Context Graph vs Agent Evaluation: Measurement vs Enforcement

Q: What is the difference between agent evaluation and a context graph?

Agent evaluation measures whether an AI agent behaved correctly across test cases, traces, tool calls, and production samples. A context graph is a decision boundary that validates whether a proposed action is applicable, scoped, current, policy-compliant, and traceable before execution.

Q: Are trace-based evals enough for production agents?

No. Trace-based evals are useful for finding failures and improving agents, but they do not themselves authorize or block the next action. Production agents need trace-based evaluation for measurement and a decision context graph for pre-execution enforcement.

Q: Do production agents need both evaluation and context graphs?

Yes. Evaluation measures quality, regression, safety, and drift. A decision context graph governs whether each proposed action is valid at execution time. The strongest production architecture uses both.

Patrick Joubert; Patrick Joubert

Context Graph vs Agent Evaluation

Evals Measure. Enforcement Decides.

Agent evaluation is becoming a default production requirement. Teams now score tool calls, arguments, plans, trajectories, handoffs, safety, cost, latency, and production traces.

That is necessary infrastructure. It is also not decision infrastructure.

Evaluation tells a team whether an agent behaved well in a sample. A context graph determines whether the next proposed action is valid in the live context before it reaches a tool, database, workflow, or customer system.

The Core Distinction

Agent evaluation is a measurement layer. It helps teams inspect behavior, score quality, detect regressions, compare versions, and turn production failures into new tests.

A context graph is a decision boundary. It evaluates the proposed action against scope, policy, temporal validity, applicability, provenance, and prior decisions before execution.

Layer	Core question	Control point	Primary artifact	Limit
Agent evaluation	Did the agent behave correctly?	Before release, during review, or after production sampling	Score, rubric, trace review, regression result	A valid score can still permit an invalid next action in a changed context
Context graph	Should this action be allowed now?	Before execution	Applicability result, policy decision, causal decision trace	Requires a maintained decision model with current rules, scope, and temporal state

What Agent Evaluation Is Good For

Evaluation gives engineering teams a feedback loop. It can reveal wrong tool selection, bad arguments, inefficient plans, incomplete tasks, unsafe outputs, handoff gaps, memory failures, and regressions after a model or prompt change.

Trace-based evaluation is especially useful because it inspects the trajectory, not only the final answer. It can show whether the agent used stale memory, skipped an approval step, queried the wrong source, or handed incomplete context to another agent.

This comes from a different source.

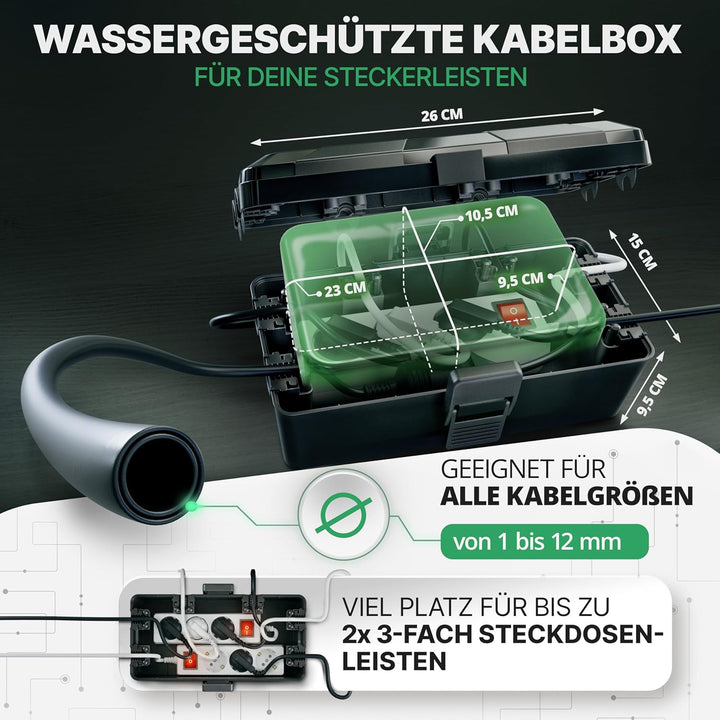 Adlerfokus Kabelbox wasserdicht IP54 [Das Original] Safe Box - Sicherheitsbox - Outdoor Box wasserdi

But evaluation remains a measurement system. It improves the agent over time. It does not, by itself, make the next live action valid.

The Evaluation-to-Enforcement Gap

Eval surface	What it measures	What still needs enforcement
Tool correctness	Did the agent call the right tool with the right arguments?	Was this tool use valid for this actor, customer, policy, and time?
Plan quality	Did the agent follow a coherent sequence?	Should each step in the sequence be allowed before it runs?
Task completion	Did the agent reach the requested outcome?	Was the requested outcome permitted under the governing context?
Trace-based eval	Where did the trajectory fail?	Can the same invalid trajectory be blocked next time?
Production monitoring	Is quality drifting in live traffic?	Which decision boundary prevents the drift from creating side effects?

Where the Difference Shows Up

Refund workflow

Evaluation: An eval can score whether the agent selected the refund tool, supplied the correct amount, and completed the task.

Context graph: A context graph validates whether the refund policy applies to this customer, contract, geography, approval state, and time window before the refund API is called.

Data agent

Evaluation: A trace-based eval can show whether the agent queried the expected table and produced a plausible answer.

Context graph: A decision context graph checks source authority, data tier, freshness, row-level scope, and allowed purpose before the query becomes an action.

Multi-agent handoff

Evaluation: A handoff eval can detect whether the receiving agent had enough context to continue the workflow.

Context graph: Pre-execution enforcement validates that the handoff context is within scope, current, provenance-backed, and sufficient for the receiving agent's next action.

The Production Stack

Reliable agent infrastructure separates measurement from authority:

Evaluate the agent against curated scenarios, production traces, regression sets, and domain rubrics.
Observe live behavior through traces, spans, costs, errors, memory operations, and handoffs.
Enforce every proposed action through a decision context graph before the side effect reaches an external system.
Record the allow or block result as a causal decision trace that future evaluations can inspect.

The Accountable Agent Test

Ask one question: can the system block a high-scoring but currently invalid action before it reaches the tool?

If the answer is no, the system has evaluation. It does not yet have pre-execution enforcement.